Les coalitions d’ONG exigent une régulation des marchés agricoles et demandent aux pays riches de respecter la souveraineté alimentaire des pays en voie de développement. Elles réclament la défense d’accords commerciaux favorisant l’essor des productions agricoles et industrielles locales. « Il faut arrêter de signer des partenariats de libre-échange entre les pays riches et les pays pauvres, ce n’est pas équitable » , s’indigne Florent Sebban. « Les marchés des pays en difficulté doivent être protégés de la concurrence injuste des produits importés d’autres régions du monde », lit-on dans le document du Forum des coalitions.
Signalant une baisse des aides au développement des pays riches vers les pays pauvres, les coalitions proposent, comme le revendiquent depuis une dizaine d’années les altermondialistes d’Attac, une taxe sur les transactions de change. « En mettant un pourcentage de taxe très faible, par exemple 0,005 %, on réduirait la spéculation et l’on générerait près de 40 milliards d’euros par an. Cela pourrait constituer un fonds ­d’aide pour les pays en développement » , estime la Coordination Sud.

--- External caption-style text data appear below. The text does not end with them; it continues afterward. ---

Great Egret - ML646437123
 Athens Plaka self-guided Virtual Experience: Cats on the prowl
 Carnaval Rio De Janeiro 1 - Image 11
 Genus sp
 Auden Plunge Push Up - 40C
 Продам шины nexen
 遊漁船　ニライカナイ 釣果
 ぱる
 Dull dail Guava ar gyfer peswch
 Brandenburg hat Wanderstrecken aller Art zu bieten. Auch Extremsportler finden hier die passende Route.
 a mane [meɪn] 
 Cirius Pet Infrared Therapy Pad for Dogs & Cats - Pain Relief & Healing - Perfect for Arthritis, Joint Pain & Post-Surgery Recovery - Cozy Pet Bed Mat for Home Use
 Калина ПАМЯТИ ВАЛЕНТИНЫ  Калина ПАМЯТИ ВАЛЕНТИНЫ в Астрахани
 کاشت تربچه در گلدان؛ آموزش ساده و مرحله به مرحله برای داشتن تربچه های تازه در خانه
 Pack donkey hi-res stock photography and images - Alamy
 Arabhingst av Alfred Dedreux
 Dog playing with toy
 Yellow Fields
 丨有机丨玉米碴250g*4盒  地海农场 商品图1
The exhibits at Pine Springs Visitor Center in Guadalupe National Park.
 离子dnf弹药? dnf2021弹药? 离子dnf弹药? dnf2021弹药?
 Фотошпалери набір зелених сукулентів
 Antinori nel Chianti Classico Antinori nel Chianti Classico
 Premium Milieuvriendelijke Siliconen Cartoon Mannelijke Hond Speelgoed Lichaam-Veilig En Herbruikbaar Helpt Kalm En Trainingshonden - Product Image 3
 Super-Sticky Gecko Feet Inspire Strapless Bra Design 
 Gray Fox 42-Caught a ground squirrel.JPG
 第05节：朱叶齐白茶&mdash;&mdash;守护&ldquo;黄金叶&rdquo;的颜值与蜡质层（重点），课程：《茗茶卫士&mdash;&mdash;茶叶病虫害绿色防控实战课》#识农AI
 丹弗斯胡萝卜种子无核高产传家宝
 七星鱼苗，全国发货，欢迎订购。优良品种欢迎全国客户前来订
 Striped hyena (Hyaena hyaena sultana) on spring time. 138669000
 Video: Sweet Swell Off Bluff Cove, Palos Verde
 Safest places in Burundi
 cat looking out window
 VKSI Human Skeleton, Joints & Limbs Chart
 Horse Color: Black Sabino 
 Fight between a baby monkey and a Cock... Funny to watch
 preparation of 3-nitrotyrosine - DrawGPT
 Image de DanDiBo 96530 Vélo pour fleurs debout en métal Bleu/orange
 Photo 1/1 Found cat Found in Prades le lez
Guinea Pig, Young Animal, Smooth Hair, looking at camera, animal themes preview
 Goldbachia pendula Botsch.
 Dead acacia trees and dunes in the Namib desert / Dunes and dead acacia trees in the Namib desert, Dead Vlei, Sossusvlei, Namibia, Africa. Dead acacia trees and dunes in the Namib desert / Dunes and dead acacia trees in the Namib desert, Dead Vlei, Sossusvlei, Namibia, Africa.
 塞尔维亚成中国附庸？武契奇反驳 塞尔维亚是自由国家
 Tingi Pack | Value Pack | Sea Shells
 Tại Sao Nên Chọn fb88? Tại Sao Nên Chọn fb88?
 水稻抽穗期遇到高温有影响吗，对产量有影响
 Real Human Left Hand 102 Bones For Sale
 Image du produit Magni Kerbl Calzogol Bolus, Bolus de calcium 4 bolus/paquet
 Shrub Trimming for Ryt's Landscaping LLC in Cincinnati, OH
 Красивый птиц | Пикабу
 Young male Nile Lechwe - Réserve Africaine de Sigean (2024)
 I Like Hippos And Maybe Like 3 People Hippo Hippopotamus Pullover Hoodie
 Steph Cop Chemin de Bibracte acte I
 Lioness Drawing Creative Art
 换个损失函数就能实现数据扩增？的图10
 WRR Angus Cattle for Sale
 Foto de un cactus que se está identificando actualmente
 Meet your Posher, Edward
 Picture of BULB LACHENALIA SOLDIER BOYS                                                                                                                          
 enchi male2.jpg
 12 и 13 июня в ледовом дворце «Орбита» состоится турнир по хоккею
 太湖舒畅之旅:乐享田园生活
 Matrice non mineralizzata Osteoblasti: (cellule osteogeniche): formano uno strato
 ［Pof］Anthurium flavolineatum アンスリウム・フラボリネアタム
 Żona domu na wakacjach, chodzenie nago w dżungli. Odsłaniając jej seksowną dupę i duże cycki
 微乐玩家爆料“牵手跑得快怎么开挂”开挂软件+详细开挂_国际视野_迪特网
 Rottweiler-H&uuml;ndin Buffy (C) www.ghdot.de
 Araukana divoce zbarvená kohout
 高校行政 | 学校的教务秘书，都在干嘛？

Développer les systèmes sociaux

Les deux déclarations dénoncent un glissement de l’aide des secteurs sociaux de base comme l’école, l’éducation, l’accès à l’eau potable au profit de la lutte contre le terrorisme ou de la promotion des intérêts des entreprises. Selon elles, un engagement stable et à long terme est indispensable pour satisfaire les besoins essentiels des populations des pays pauvres. Les pays riches pourraient encourager les pays en difficulté à développer leurs systèmes sociaux de base, en centrant leur coopération sur les prérequis du développement humain : la santé, l’éducation, la nourriture, de ­bonnes conditions de travail…
Or, le Fonds monétaire international (FMI) et les pays développés ont ignoré cette politique en faveur des pays en voie de développement. « Les gouvernements ont été poussés vers la libéralisation des barrières ­commerciales, la déréglementation des marchés financiers et du marché de l’emploi, la privatisation des industries nationales, l’abolition des subventions et la réduction des dépenses sociales et économiques… » , dénonce la déclaration mondiale. « On voit bien que des aides des pays riches sont attribuées aux pays pauvres sous conditions, souvent au profit des pays riches » , souligne Florent Sabban.

Lutter contre le changement climatique

Alors que les pays riches sont les premiers émetteurs de gaz à effet de serre, les pays en développement sont les plus sévèrement touchés par les changements climatiques. Les coalitions d’ONG recommandent aux membres de l’UE de réduire leurs émissions de gaz d’au moins 30 % d’ici à 2020 et de 80 % d’ici à 2050. « Nous aimerions aussi mettre en place un principe de pollueur/payeur. Il faudrait pousser les entreprises à payer un droit à polluer qui constituerait un fonds de liquidités aux États. La moitié de cet argent pourrait être allouée à la lutte contre le changement climatique dans les pays les plus ­pauvres » , imagine Florent Sebban. « Face à l’urgence alimentaire, sociale, écologique, les coalitions régionales d’ONG appellent les pays riches à adopter des positions responsables et solidaires favorisant l’émergence d’un monde plus juste », concluent-elles.